The Barony of Veligosti or Veligosti–Damala was a medieval Frankish fiefdom of the Principality of Achaea, originally centred on Veligosti (Βελίγοστι or Βελιγόστη; Véligourt; Viligorda; Villegorde) in southern Arcadia, but also came to include the area of Damala (Δαμαλᾶ, Damalet) in the Argolid when it came under a cadet branch of the de la Roche family in the 1250s. After Veligosti was lost to the Byzantines towards 1300, the name was retained even though the barony was reduced to Damala.

== History ==
Veligosti, near ancient Megalopolis, appears to have fallen to the Frankish Crusaders without resistance c. 1206. The name's origin is obscure. The 19th-century historian Karl Hopf thought that the Greek name derived from the French form Véligourt, in turn possibly a corruption of Valaincourt/Walincourt, which Hopf proposed as the place of origin of the original baronial line of Mons. The Valaincourt family was indeed represented in the Fourth Crusade, but as the French medievalist Antoine Bon pointed out, there is nothing other than the similarity of the names to link them to the Frankish Morea. Bon himself considers the form "Veligosti" to be the original one—of ultimately Slavic origin—and the French name to have been derived from it.
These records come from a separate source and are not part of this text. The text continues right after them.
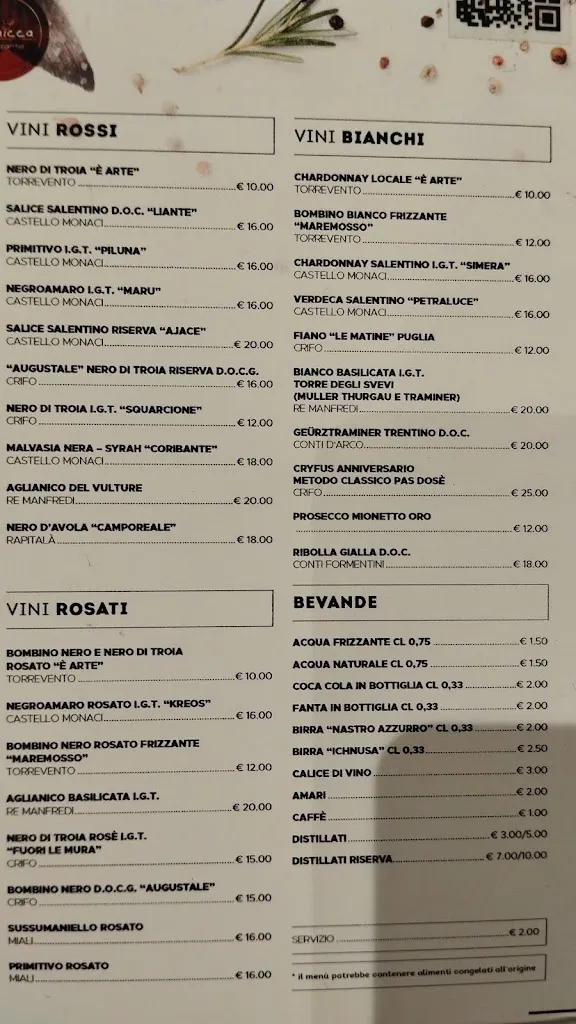 Menu_La Chicca Restaurant_Ruvo di Puglia_image_3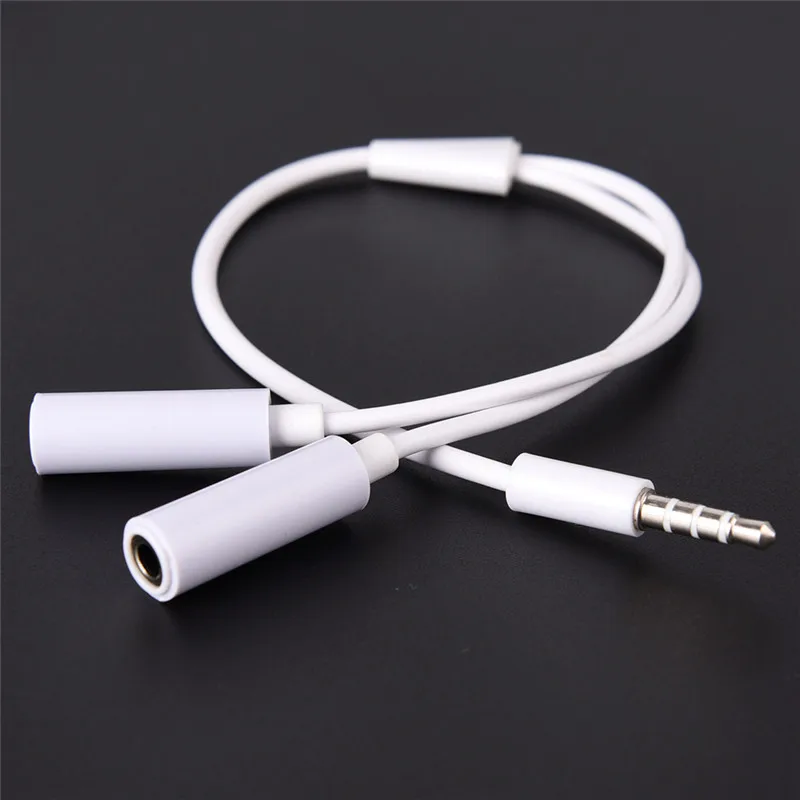 

Y Splitter Cable 3.5 mm 1 Male to 2 Dual Female Audio Cable For Earphone Headset Headphone MP3 MP4 Stereo Plug Adapter Jack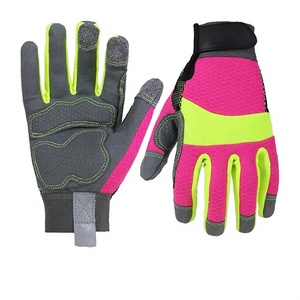 Guantes de Trabajo Premium EN420 Estándar, Cuero Granulado, Forro de Aramida 5mil/10mil, Transpirables, Cómodos, de Seguridad para la Construcción - Product Image 3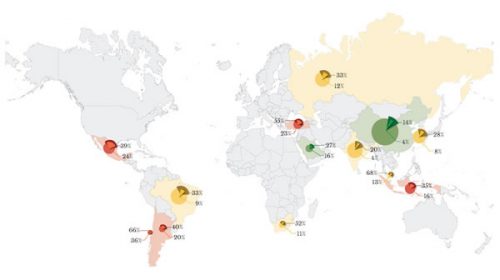 La Argentina está segunda en el ranking de países con riesgo de crisis cambiaria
The barony, established c. 1209, was one of the twelve original secular baronies of the Principality of Achaea and comprised four knight's fiefs. According to the list of signatories of the Treaty of Sapienza in 1209, the first baron was Hugh of Mons, succeeded (some time before 1230) by Matthew of Mons, who is the first baron to be mentioned in the Chronicle of the Morea. Matthew held the barony until his marriage to a Byzantine princess, a daughter of Theodore II Laskaris, during a mission to the court of the Empire of Nicaea sometime in the 1250s. Karl Hopf, who was unaware of the Treaty of Sapienza, conjectured the existence of two barons of the same name, Matthew I and II, to fill the period from 1209, and that it was the latter who married the princess.
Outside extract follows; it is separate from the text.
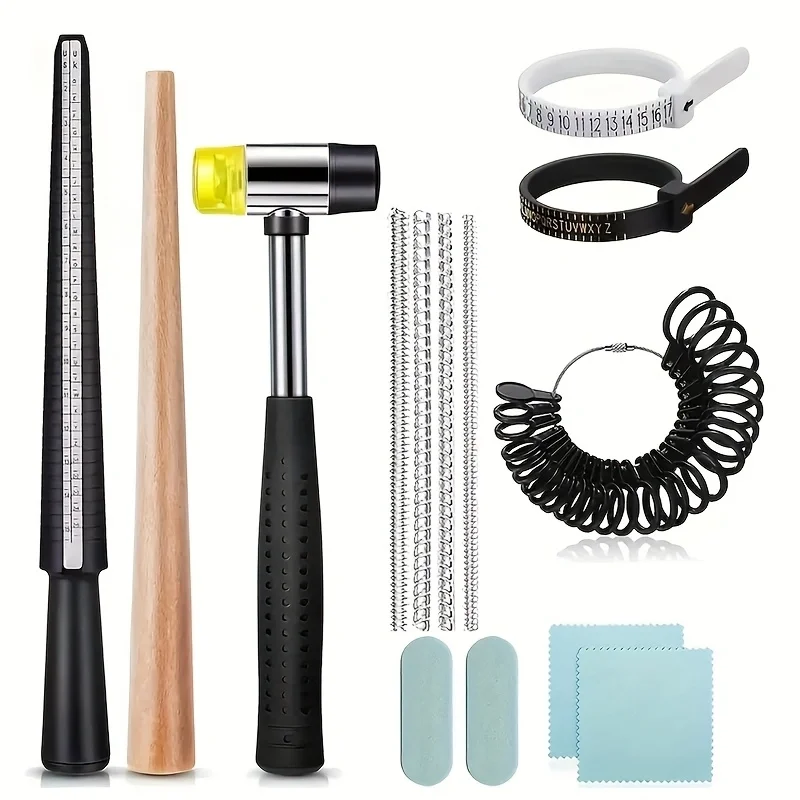

14-piece Jewelry Craft Set: Precision Measurement, Skillful Diameter Control, Glowing Polish, Perfect for Jewelry Making.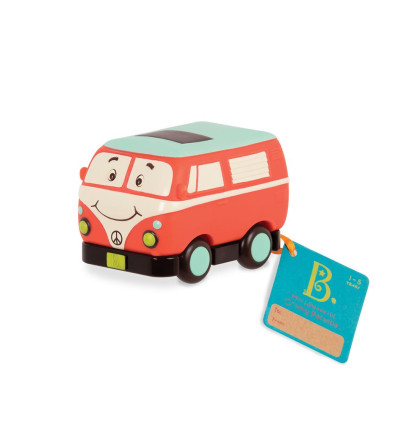 Miękkie autko - BUSIK Groovy Patootie B.Toys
Matthew of Mons disappears from the sources after his marriage, and the fief and the associated title apparently passed on to a junior branch of the de la Roche family, whose senior branch ruled the Duchy of Athens. Already in a document dated to 1256, William de la Roche is mentioned as "lord of Veligosti" (dominus Villegordus). The process of the transfer is obscure; Hopf hypothesized that a sister of Matthew of Mons may have married William de la Roche. William, a younger brother of the Duke of Athens Guy I de la Roche, also held the region of Damala in the Argolid as a fief, and the two domains became united under the same title.

Damala (ancient and modern Troezen) had been captured easily in the first days of the Frankish conquest of the Morea, unlike the neighbouring citadels of Argos and Nauplia, which continued to resist until 1212. Although the latter were given as a separate fief to the de la Roche dukes of Athens, Damala itself is not mentioned in the lists of barons of Achaea in the French and Greek versions of the Chronicle of the Morea, which date to c. 1228/30. Only the Aragonese version mentions a knight—apparently to be identified with William de la Roche—who received six fiefs in the area and raised a castle, as well as the possession of three fiefs there by the Foucherolles family. These reports date to the second half of the century, and the area appears to have been entirely devoid of Frankish presence before that. James de la Roche, evidently William's son, is then mentioned as "lord of Veligosti" in the Aragonese version, while in the early 14th century, Renaud "de Véligourt", son of James and Maria Aleman, daughter of the Baron of Patras William Aleman, is mentioned as "lord of Damala" (sires de Damalet).

From the 1260s, Veligosti became an important base for the Principality of Achaea in its war against the Byzantine province of Mystras in the southeastern Morea. Along with Nikli it guarded the passes leading from Byzantine territory into the plateau of central Arcadia, the heart of the peninsula. After c. 1272 the Frankish presence at Veligosti began to come under increasing threat, as the Byzantines gradually encroached into the area. By c. 1300, both Nikli and Veligosti had been lost to the Franks, and indeed seem to have been razed and/or abandoned entirely, as they are no longer mentioned in the sources. Although now confined to the fief of Damala, the family continued to use the title of Veligosti, or rather its French version, Véligourt, thereafter.

Renaud was probably killed at the Battle of Halmyros in 1311, and his heiress, Jacqueline de la Roche, married Martino Zaccaria in 1327, who was also Lord of Chios and Baron of Chalandritsa, some time before 1325. Martino was succeeded by his two sons, first Bartholomew, and after his death in 1336, Centurione I. After Centurione's death in 1382, Damala seems to have been lost to the Zaccaria.